Extra 1% provisioning will eat up profits, yet it is good
BI Report || BusinessInsider
Pandemic risk management for banks
The Bangladesh Bank has imposed an additional 1% provisioning against unclassified loans of banks on top of previous 0.25% to 2%, amid fear of hike in bad loans after the withdrawal of loan moratorium facility for Covid-19 on December 31.
The move will seriously affect banks’ profits, yet some bankers believe this will help banks create a buffer to absorb shocks in the way of a jump in nonperforming loans next year.
“It is a good decision for the banking sector in a pandemic situation. Otherwise, there will be huge pressure on banks next year,” said Naser Ezaz Bijoy, chief executive officer of Standard Chartered Bangladesh.
If banks disburse dividends, then they will not have adequate funds to meet the additional provisioning requirement, he said.
As per the central bank rules, banks have to keep 0.25% to 2% provisioning against unclassified loans.
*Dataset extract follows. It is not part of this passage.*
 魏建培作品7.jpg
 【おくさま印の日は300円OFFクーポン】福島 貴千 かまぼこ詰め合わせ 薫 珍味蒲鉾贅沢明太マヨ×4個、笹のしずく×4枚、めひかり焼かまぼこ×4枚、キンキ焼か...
Provisioning is lowest, at 0.25%, for SME loans.
In a circular on Thursday, the BB said banks will have to keep additional 1% provisioning under the head of “Special General Provision Covid-19” while preparing their financial statements for 2020.
Additional requirements for provisioning would be over Tk9,000 crore — more than half of the industry’s annual profits before tax.
On March 19, the central bank, amid the outbreak of the Covid-19 pandemic, asked banks not to downgrade the classification of borrowers who failed to pay loan instalments until June 30.
That facility was later extended until December 31.
“After the facility ends on December 31, there could be a hike in bad loans. So, to keep the financial stability of the banks, we took such a decision,” a senior BB official, seeking anonymity, told Business Insider.
Until further instructions of the central bank, the banks would not be allowed to transfer the “Special General Provision Covid-19” to any other segment, the BB notice said.
As per the notice, banks will have to follow a number of instructions in booking unrealised interest or income imposed against the loans that have become irregular in 2020.
For transferring the unrealised interest generated against the loans amounting to upwards of Tk10 crore to the income account, approval from the board based on the audit committee’s recommendation has been made mandatory.
For booking interest generated against loans ranging between Tk5 crore and Tk10 crore to the income account, approval from the managing director is a must.
For booking interest generated against loans of up to Tk5 crore to the income account, approval from the monitoring authority of a branch along with the recommendation of the branch head has been made mandatory.